Exactly the lines from the one containing "Pro-MEC Engineering Services Inc logo, Pro-MEC" to the last line of the records, inclusive, are to be transcribed; include no others.

::: Material shown :::

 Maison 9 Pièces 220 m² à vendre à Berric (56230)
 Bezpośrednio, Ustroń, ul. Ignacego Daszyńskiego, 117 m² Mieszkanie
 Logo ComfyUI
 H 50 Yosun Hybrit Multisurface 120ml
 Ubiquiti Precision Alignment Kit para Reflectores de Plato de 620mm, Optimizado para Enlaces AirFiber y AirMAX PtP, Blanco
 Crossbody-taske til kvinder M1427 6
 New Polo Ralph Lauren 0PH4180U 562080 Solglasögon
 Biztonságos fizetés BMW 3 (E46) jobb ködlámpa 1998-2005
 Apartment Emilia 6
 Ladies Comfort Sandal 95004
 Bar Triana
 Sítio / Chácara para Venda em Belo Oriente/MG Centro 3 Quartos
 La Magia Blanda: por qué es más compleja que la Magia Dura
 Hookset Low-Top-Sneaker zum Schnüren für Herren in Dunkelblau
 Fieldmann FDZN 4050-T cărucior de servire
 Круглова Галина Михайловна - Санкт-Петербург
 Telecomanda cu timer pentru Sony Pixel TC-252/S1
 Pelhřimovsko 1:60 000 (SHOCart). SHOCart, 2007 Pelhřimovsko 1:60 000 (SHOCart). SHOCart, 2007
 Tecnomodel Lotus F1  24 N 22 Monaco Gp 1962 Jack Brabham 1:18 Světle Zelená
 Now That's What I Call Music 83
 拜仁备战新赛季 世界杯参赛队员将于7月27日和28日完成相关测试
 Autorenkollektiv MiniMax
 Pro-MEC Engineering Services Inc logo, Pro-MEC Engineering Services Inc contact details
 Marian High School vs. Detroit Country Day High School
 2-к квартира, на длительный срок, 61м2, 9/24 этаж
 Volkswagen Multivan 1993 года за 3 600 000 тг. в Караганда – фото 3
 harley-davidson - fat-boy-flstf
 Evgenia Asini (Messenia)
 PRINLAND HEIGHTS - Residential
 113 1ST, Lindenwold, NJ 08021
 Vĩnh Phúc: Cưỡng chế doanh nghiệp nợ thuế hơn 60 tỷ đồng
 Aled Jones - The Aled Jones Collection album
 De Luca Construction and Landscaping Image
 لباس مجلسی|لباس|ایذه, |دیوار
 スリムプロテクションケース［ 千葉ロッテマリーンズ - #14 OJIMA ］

:::

▶ _Response area_:
 Pro-MEC Engineering Services Inc logo, Pro-MEC Engineering Services Inc contact details
 Marian High School vs. Detroit Country Day High School
 2-к квартира, на длительный срок, 61м2, 9/24 этаж
 Volkswagen Multivan 1993 года за 3 600 000 тг. в Караганда – фото 3
 harley-davidson - fat-boy-flstf
 Evgenia Asini (Messenia)
 PRINLAND HEIGHTS - Residential
 113 1ST, Lindenwold, NJ 08021
 Vĩnh Phúc: Cưỡng chế doanh nghiệp nợ thuế hơn 60 tỷ đồng
 Aled Jones - The Aled Jones Collection album
 De Luca Construction and Landscaping Image
 لباس مجلسی|لباس|ایذه, |دیوار
 スリムプロテクションケース［ 千葉ロッテマリーンズ - #14 OJIMA ］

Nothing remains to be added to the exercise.